MATERIAL PROVIDED -
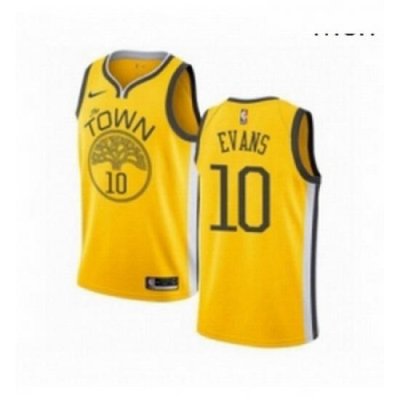 Mens Nike Golden State Warriors 10 Jacob Evans Yellow Swingman Jersey Earned Edition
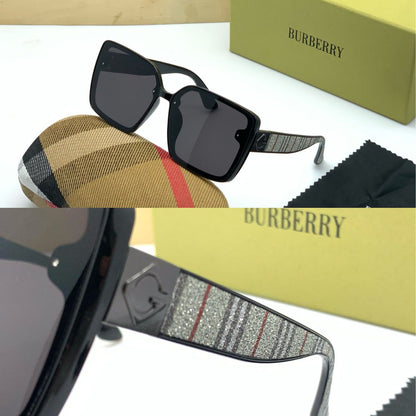 Burberry Branded Black Glass Men's And Women's Or Girls Sunglass BB-32 Square Black Bold Frame With Bold Stick Sunglass- Best Sun Protection Sunglasses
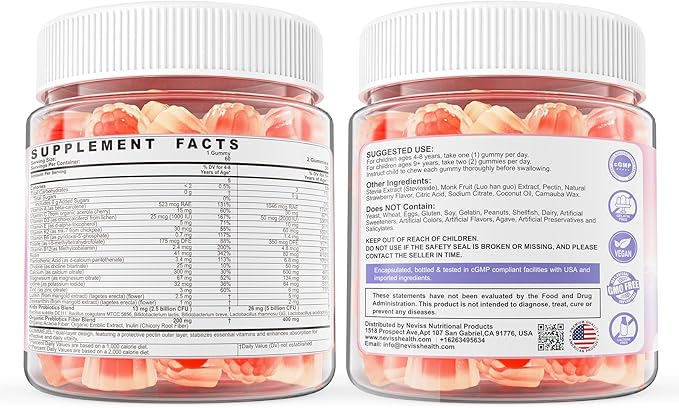 Kids Multivitamin Gummies + Calcium Probiotics Vitamin D3 C Methylated B12 &amp Methylfolate B6 A K2 E Zinc Prebiotics for Children Ages 4+ Clean &amp Sugar Free for Nutritional Support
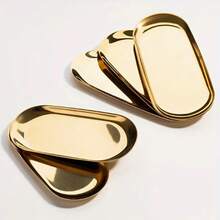 创意金属椭圆托盘（金色）圣诞金拼盘水果盘甜品盘小吃盘沙拉盘蛋糕盘适用于餐厅厨房餐桌厨房圣诞 - 金色 - 查看 2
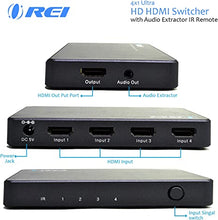 Load image into Gallery viewer, Orei Ultra HD HDMI 4 x 1 Switcher 18G Audio Extractor IR Remote - Supports Upto 4K @ 60Hz - (4 Input, 1 Output) Switch, Hub, Port for Cable, HD TV, Laptop, MacBook &amp; More (UHD-401)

EXERCISE DETAILS - Starting from the line that has "创意金属椭圆托盘（金色）圣诞金拼盘水果盘甜品盘小吃盘沙拉盘蛋糕盘适用于餐厅厨房餐桌厨房圣诞 - 金色" and ending at the last line of the material above, every line should be output exactly; pictures are dropped and nothing else appears.

SOLUTION BELOW -
 创意金属椭圆托盘（金色）圣诞金拼盘水果盘甜品盘小吃盘沙拉盘蛋糕盘适用于餐厅厨房餐桌厨房圣诞 - 金色 - 查看 2
 Load image into Gallery viewer, Orei Ultra HD HDMI 4 x 1 Switcher 18G Audio Extractor IR Remote - Supports Upto 4K @ 60Hz - (4 Input, 1 Output) Switch, Hub, Port for Cable, HD TV, Laptop, MacBook &amp; More (UHD-401)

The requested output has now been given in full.